## Work required
Return each entry word for word, without its pictures.

## Listed entries
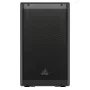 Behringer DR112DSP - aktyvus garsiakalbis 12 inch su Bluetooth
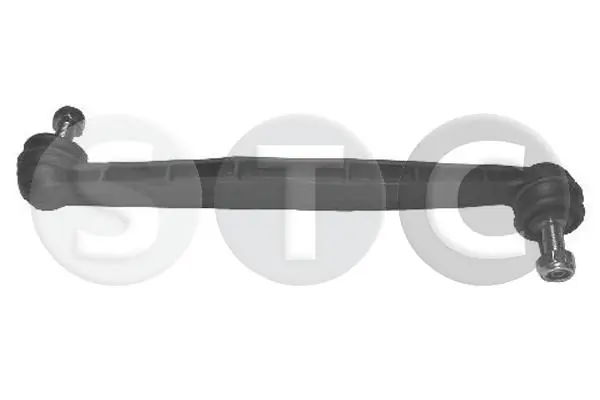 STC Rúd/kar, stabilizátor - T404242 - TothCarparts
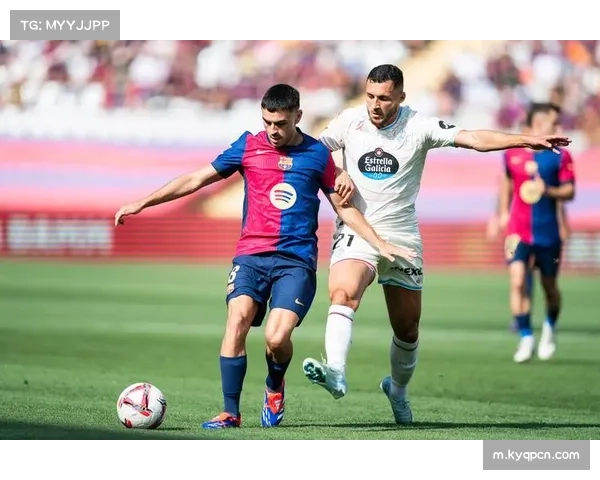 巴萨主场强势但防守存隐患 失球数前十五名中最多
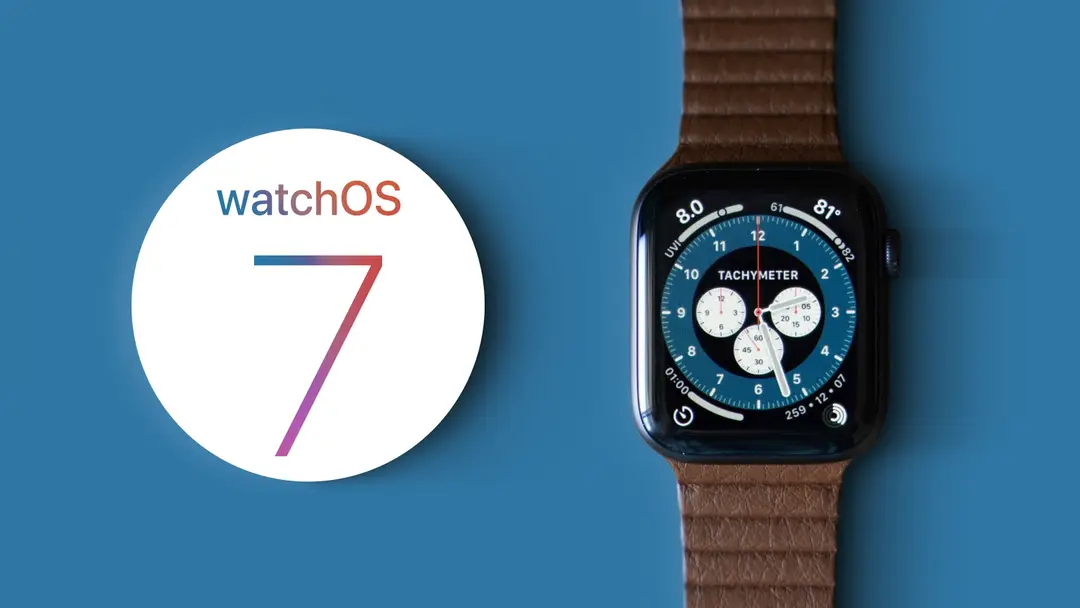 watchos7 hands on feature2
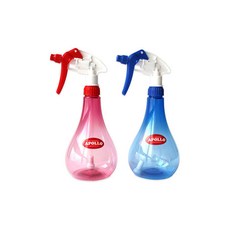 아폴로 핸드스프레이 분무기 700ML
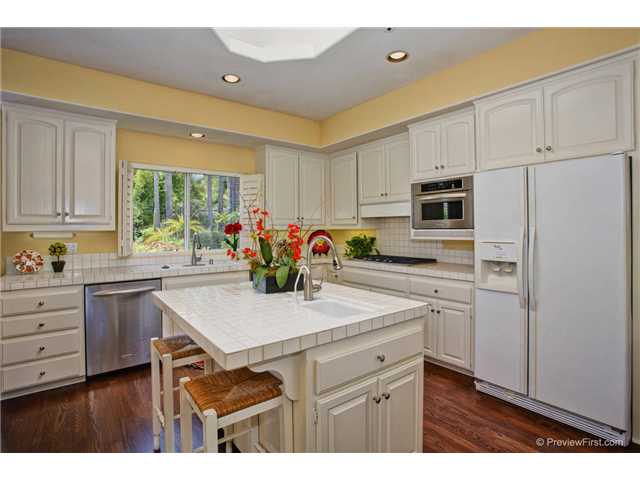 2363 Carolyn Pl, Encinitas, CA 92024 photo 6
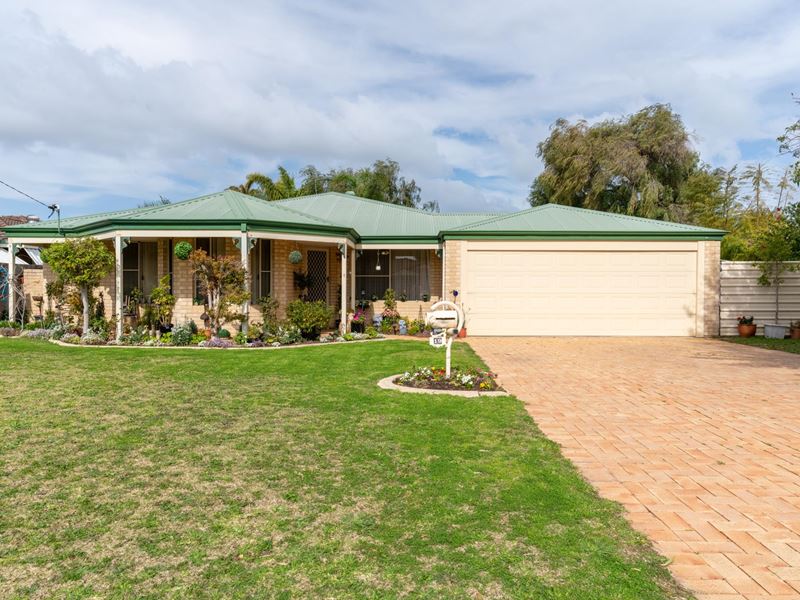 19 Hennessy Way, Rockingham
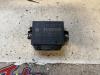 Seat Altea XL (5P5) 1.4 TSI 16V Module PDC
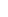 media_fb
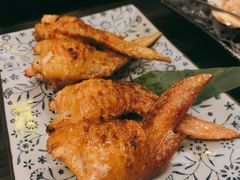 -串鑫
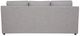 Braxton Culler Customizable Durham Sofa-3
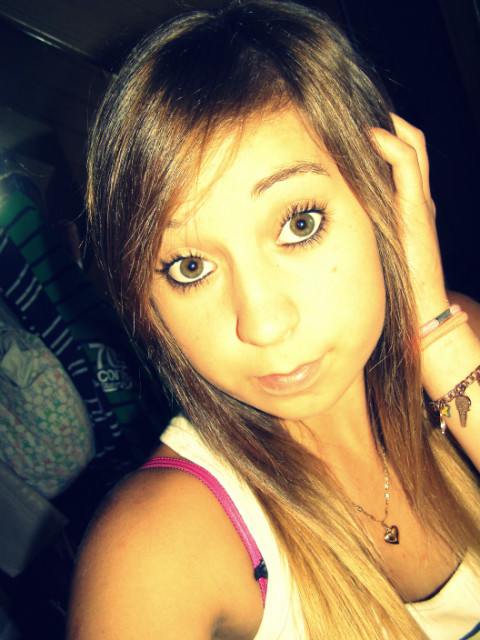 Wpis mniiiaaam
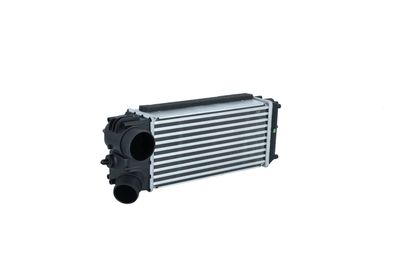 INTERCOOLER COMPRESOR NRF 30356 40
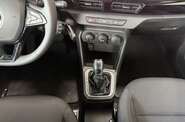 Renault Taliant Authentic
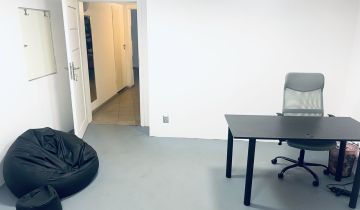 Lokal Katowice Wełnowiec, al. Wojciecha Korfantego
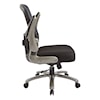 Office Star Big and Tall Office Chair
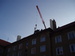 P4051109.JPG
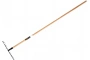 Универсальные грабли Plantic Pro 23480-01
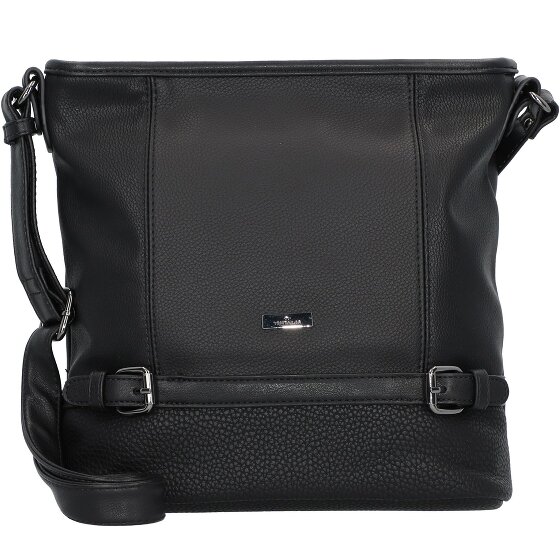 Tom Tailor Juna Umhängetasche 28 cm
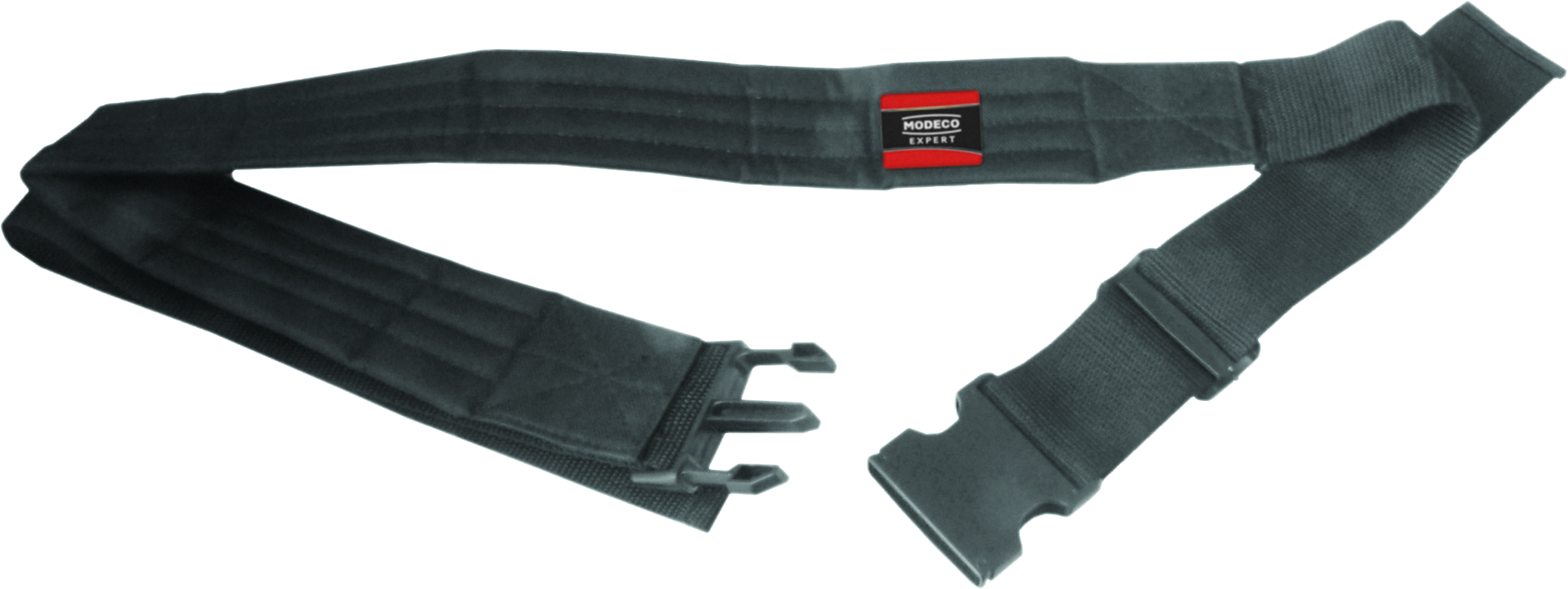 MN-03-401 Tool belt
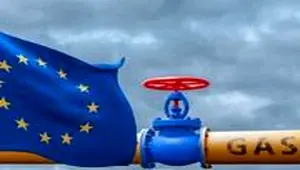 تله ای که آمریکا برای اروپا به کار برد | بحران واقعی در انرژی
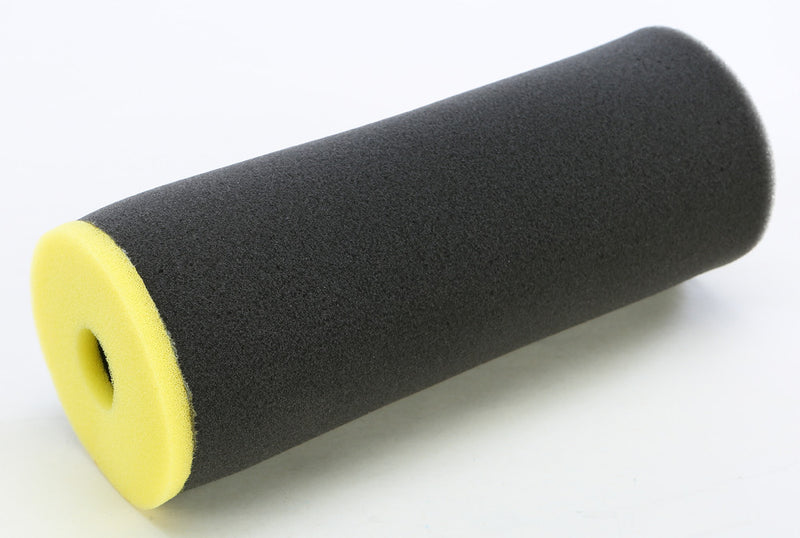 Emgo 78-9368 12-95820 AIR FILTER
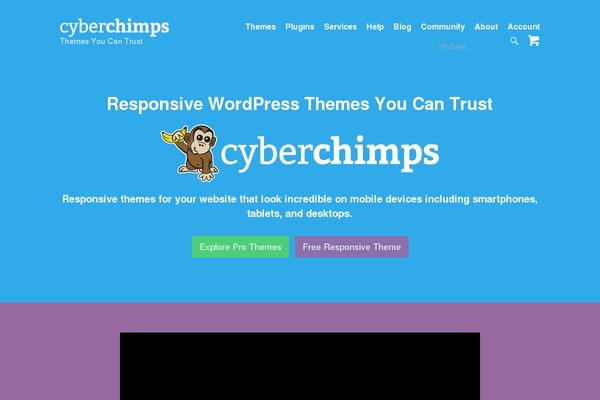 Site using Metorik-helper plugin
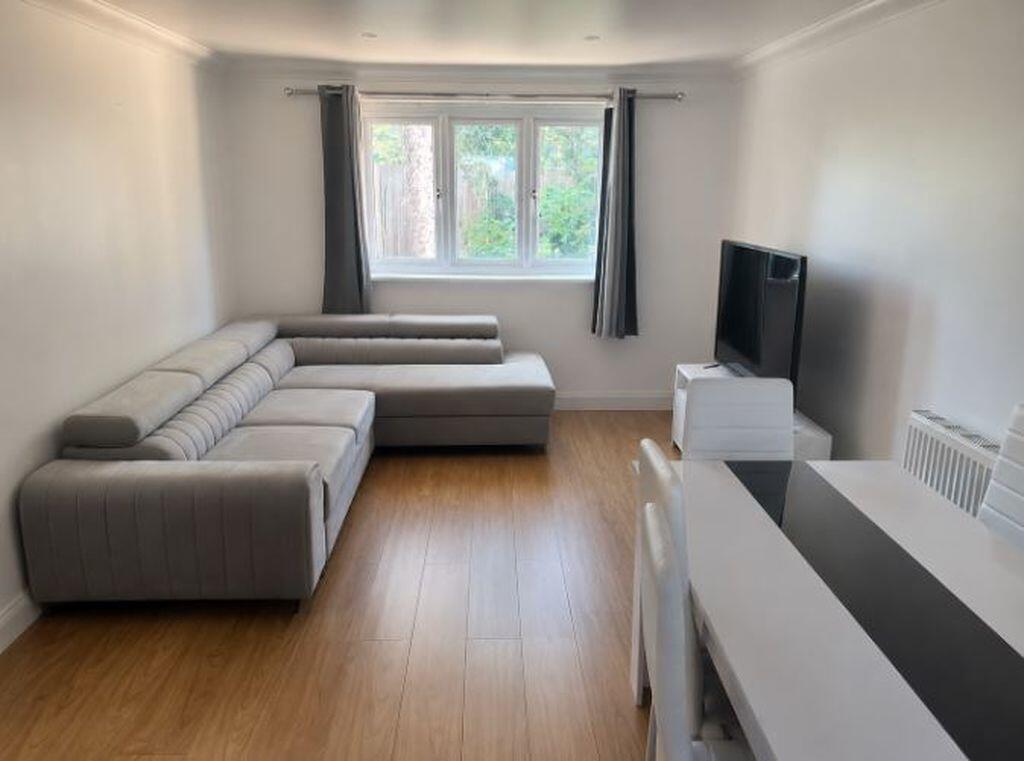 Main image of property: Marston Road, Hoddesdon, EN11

## Solution
 Behringer DR112DSP - aktyvus garsiakalbis 12 inch su Bluetooth
 STC Rúd/kar, stabilizátor - T404242 - TothCarparts
 巴萨主场强势但防守存隐患 失球数前十五名中最多
 watchos7 hands on feature2
 아폴로 핸드스프레이 분무기 700ML
 2363 Carolyn Pl, Encinitas, CA 92024 photo 6
 19 Hennessy Way, Rockingham
 Seat Altea XL (5P5) 1.4 TSI 16V Module PDC
 media_fb
 -串鑫
 Braxton Culler Customizable Durham Sofa-3
 Wpis mniiiaaam
 INTERCOOLER COMPRESOR NRF 30356 40
 Renault Taliant Authentic
 Lokal Katowice Wełnowiec, al. Wojciecha Korfantego
 Office Star Big and Tall Office Chair
 P4051109.JPG
 Универсальные грабли Plantic Pro 23480-01
 Tom Tailor Juna Umhängetasche 28 cm
 MN-03-401 Tool belt
 تله ای که آمریکا برای اروپا به کار برد | بحران واقعی در انرژی
 Emgo 78-9368 12-95820 AIR FILTER
 Site using Metorik-helper plugin
 Main image of property: Marston Road, Hoddesdon, EN11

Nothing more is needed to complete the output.